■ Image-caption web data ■
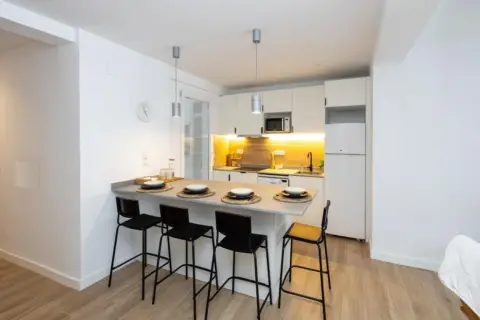Apartamento en calle del Cristo de la Yedra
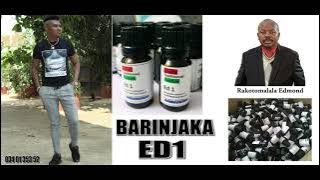 BARINJAKA ED1  KILALAKY NOUVEAUTE GASY  2021    AUDIO OFFICIEL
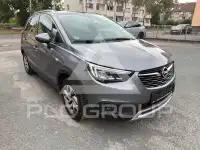 2018 Opel CrosslandX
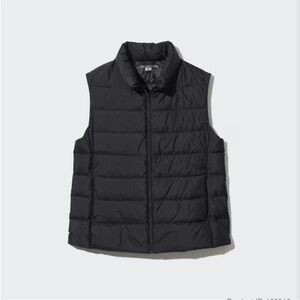 Uniqlo Ultra Light Down Vest - Size XS
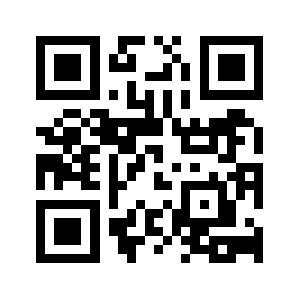 Peterjames.com QR code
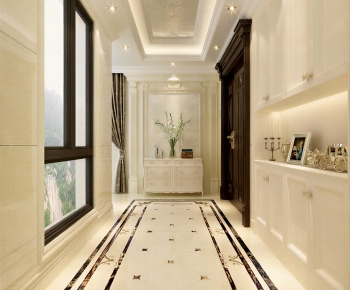 European Style Hallway-ID:981600058
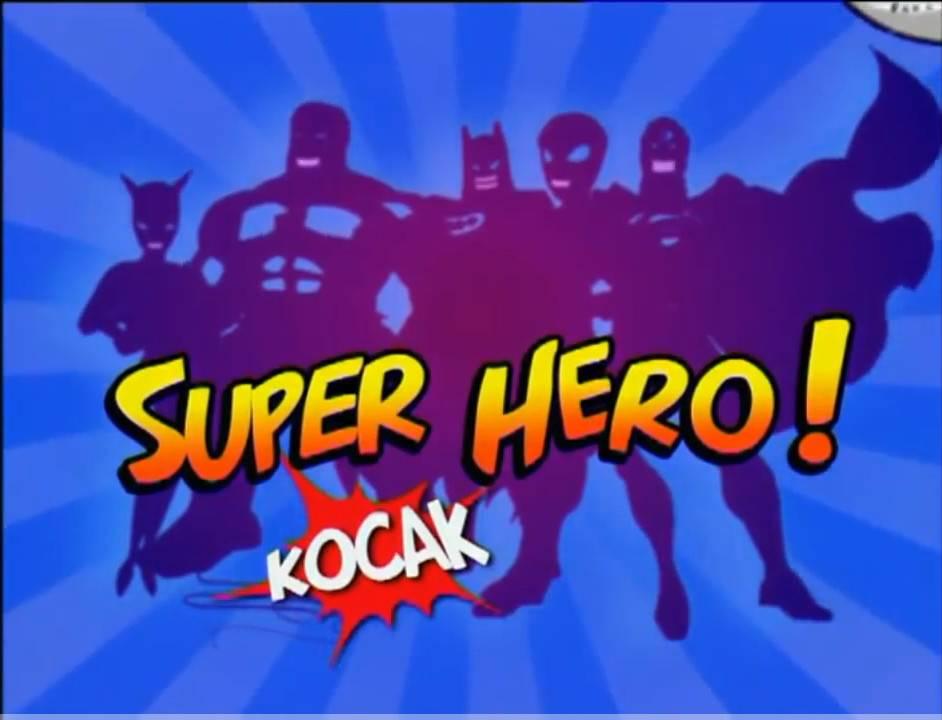Super Hero Kocak [Batch]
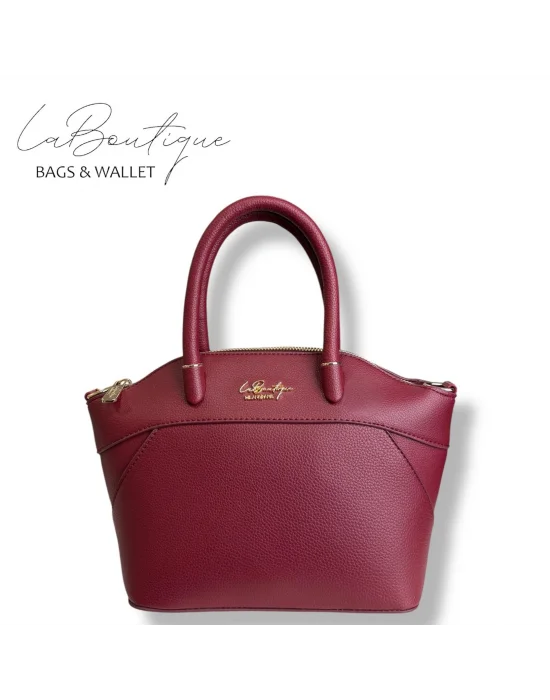 LB ÇANTA 1218 VİŞNE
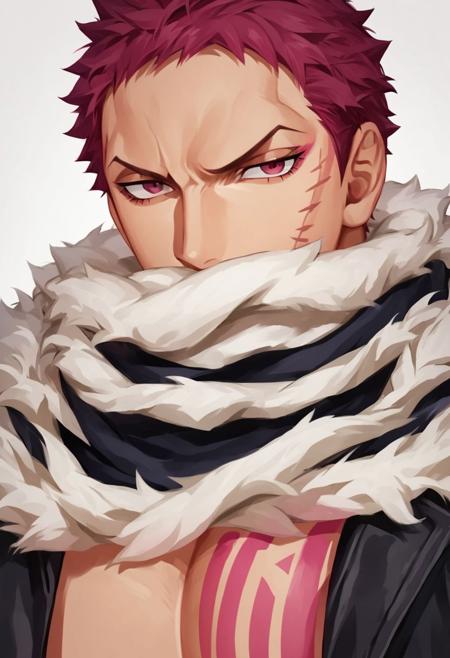 Charlotte Katakuri | One Piece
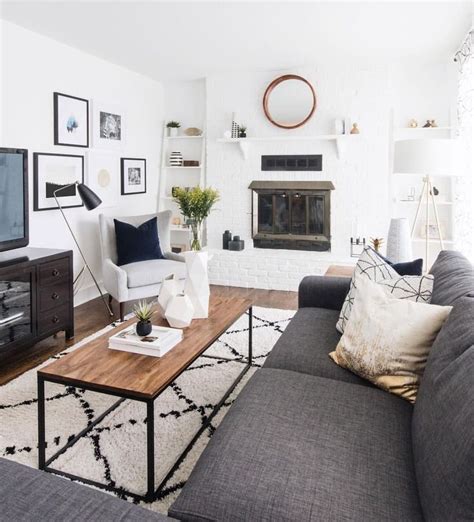 50 The Best Living Room Decorating Ideas Trends 2019 Pimphomee Farm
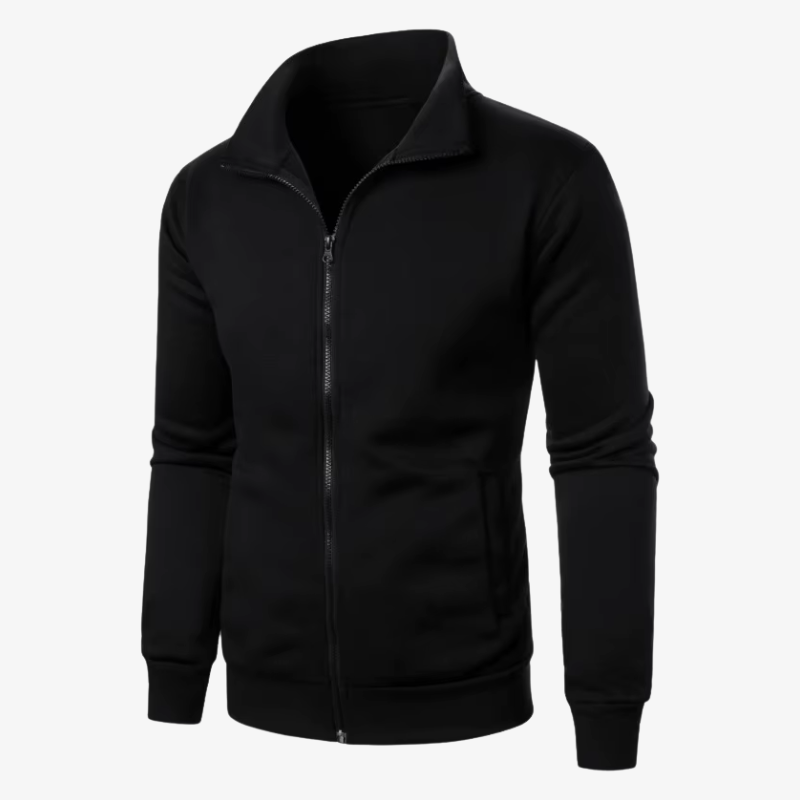 Eton Full-Zip Fleece Jacket
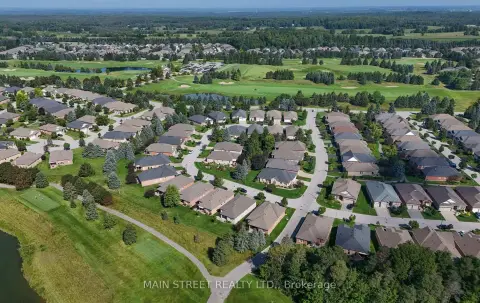 Whitchurch-Stouffville Ballantrae community 54 Couples Gallery N/A For Sale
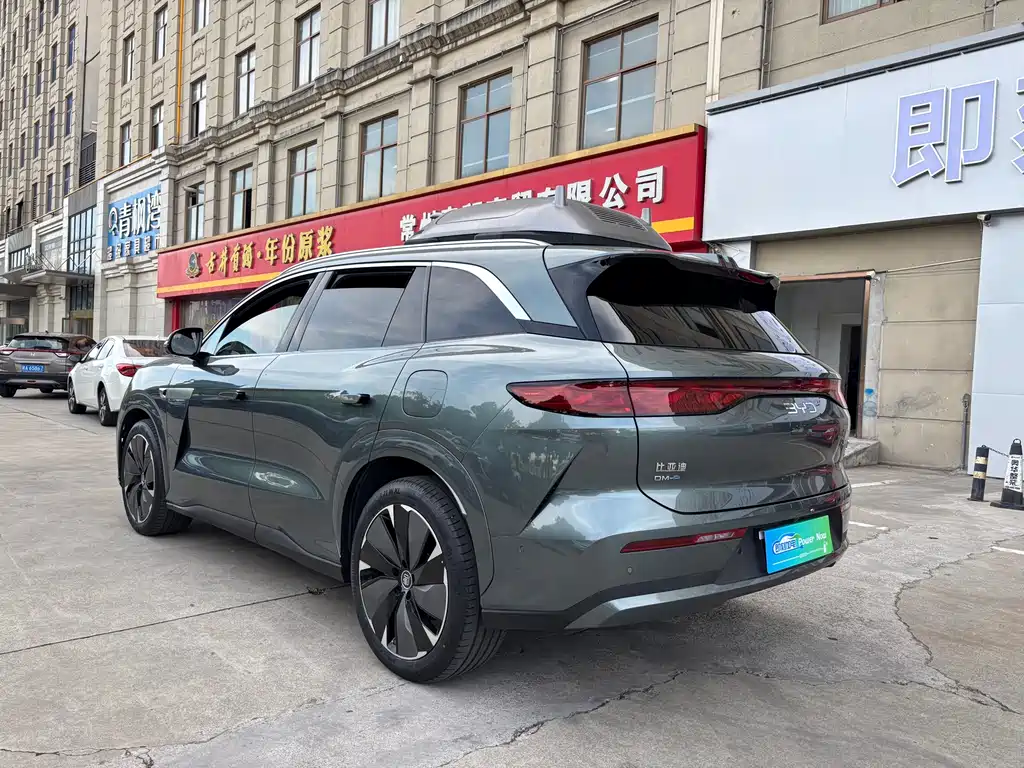 BYD Tang L 2025 — фото 6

■ Exercise aim ■
Give every entry above again, exactly, and keep all pictures out of it.

■ The answer ■
Apartamento en calle del Cristo de la Yedra
 BARINJAKA ED1  KILALAKY NOUVEAUTE GASY  2021    AUDIO OFFICIEL
 2018 Opel CrosslandX
 Uniqlo Ultra Light Down Vest - Size XS
 Peterjames.com QR code
 European Style Hallway-ID:981600058
Super Hero Kocak [Batch]
 LB ÇANTA 1218 VİŞNE
 Charlotte Katakuri | One Piece
 50 The Best Living Room Decorating Ideas Trends 2019 Pimphomee Farm
 Eton Full-Zip Fleece Jacket
 Whitchurch-Stouffville Ballantrae community 54 Couples Gallery N/A For Sale
 BYD Tang L 2025 — фото 6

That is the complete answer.